Lars Myrberg

Personal information
- Full name: Lars Mikael Myrberg
- Nationality: Sweden
- Born: 23 November 1964 (age 61) Stockholm, Sweden
- Height: 1.75 m (5 ft 9 in)
- Weight: 63 kg (139 lb)

Sport
- Sport: Boxing
- Weight class: Light Welterweight
- Club: Djurgårdens IF

Medal record
Olympic Games
| Bronze medal – third place | 1988 Seoul | Light Welterweight |

= Lars Myrberg =

Swedish boxer

Lars Mikael Myrberg (born 23 November 1964) is a Swedish former boxer who won a light welterweight bronze medal at the 1988 Summer Olympics.

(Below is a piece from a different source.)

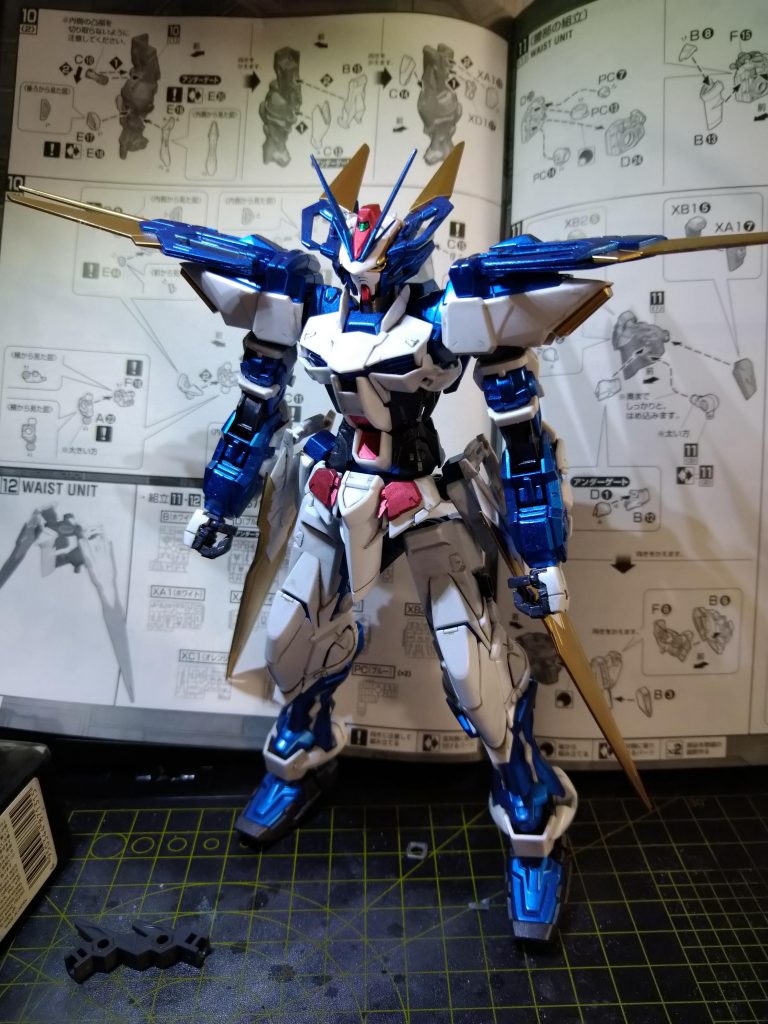 本体完成時。白以外を全てメタル化してますのでちょっと白が全体に対して浮いてます。この段階で汚しを入れてます。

Myrberg represented Djurgårdens IF.

==1988 Olympic record==
Below is the record of Lars Myrberg, a Swedish light welterweight boxer who competed at the 1988 Seoul Olympics:

- Round of 64: defeated Handhal al-Harithy (Oman) referee stopped contest in first round
- Round of 32: defeated Ahmed Khanji (Syria) by decision, 4–1
- Round of 16: Defeated Howard Grant (Canada) by decision, 4–1
- Quarterfinal: defeated Humberto Rodriguez (Mexico) by first-round knockout
- Semifinal: lost to Grahame Cheney (Australia) by decision, 0-5 (was awarded bronze medal)

==Professional career==
Myrberg turned pro in 1996 and fought only one bout. He defeated Shaba Edwards by technical knockout in a bout held in Denmark. Myrberg retired with a record of 1–0–0.